Briggs has been a member since 2002, according to the group’s Facebook page. He was president for six months in 2005, according to the website.
A Jan. 14 post on the group’s Facebook page, accompanied by a photo of Briggs at a podium, states, “Briggs Law Corporation specializes in business law for small, family-owned businesses.

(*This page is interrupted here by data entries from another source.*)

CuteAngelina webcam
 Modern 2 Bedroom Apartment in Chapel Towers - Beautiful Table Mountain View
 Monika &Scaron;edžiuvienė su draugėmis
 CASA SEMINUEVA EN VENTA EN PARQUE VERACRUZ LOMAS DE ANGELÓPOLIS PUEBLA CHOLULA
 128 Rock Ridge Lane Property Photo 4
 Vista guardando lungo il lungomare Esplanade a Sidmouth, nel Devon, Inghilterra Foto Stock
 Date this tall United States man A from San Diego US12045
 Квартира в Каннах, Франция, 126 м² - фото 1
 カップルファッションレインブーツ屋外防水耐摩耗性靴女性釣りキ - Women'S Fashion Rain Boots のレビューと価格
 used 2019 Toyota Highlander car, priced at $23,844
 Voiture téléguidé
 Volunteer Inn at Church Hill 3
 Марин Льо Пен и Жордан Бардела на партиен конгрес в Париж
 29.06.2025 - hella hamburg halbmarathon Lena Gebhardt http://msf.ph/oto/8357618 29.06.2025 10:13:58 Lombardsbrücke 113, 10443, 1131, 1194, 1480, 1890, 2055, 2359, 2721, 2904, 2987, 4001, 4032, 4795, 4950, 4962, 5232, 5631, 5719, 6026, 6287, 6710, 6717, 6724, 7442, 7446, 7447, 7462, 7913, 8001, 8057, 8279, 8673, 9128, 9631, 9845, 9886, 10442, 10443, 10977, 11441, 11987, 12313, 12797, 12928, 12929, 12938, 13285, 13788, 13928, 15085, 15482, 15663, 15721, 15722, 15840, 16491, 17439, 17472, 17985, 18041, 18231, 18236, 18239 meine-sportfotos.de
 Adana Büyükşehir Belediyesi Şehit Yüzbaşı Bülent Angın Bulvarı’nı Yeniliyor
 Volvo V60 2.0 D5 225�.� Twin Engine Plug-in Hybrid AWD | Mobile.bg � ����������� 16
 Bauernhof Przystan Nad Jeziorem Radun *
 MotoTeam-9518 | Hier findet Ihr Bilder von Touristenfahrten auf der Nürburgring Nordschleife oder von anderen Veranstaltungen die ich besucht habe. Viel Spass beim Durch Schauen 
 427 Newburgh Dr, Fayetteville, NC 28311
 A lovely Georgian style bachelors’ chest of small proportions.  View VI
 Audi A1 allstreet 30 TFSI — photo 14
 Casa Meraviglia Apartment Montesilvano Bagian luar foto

Services include formation of corporations and LLCs, negotiation of commercial contracts, asset protection strategies, estate planning and trust administration … Many members have attested to the services received by Cory and his firm, who are always available to give advice, and solve problems when needed.”
One last puzzle
Briggs’ home in San Diego also baffled experts.
He purchased it for $1.49 million in 2010 without recording a deed of trust for the property at the San Diego County assessor’s office, said Sharon Ferguson, the office’s assistant division chief.
A little more than two years later, he sold it to TYL Enterprises, a corporation formed in Nevada, for $725,000. According to the Nevada secretary of state’s website, Briggs serves as TYL’s president, secretary, treasurer and director, and represented the company in court over a breach of contract dispute in 2010.
No experts interviewed could suggest a logical explanation for taking such a loss on the home.
inewsource repeatedly asked Black if there was any sensible explanation for its findings.
“No,” he said. “And if there is, these folks could provide it.”
Overall, Black said, “the deals make no sense as economic matters, and it’s not even close.”
“It’s not a matter of judgment. It’s just: no, no no,” he said.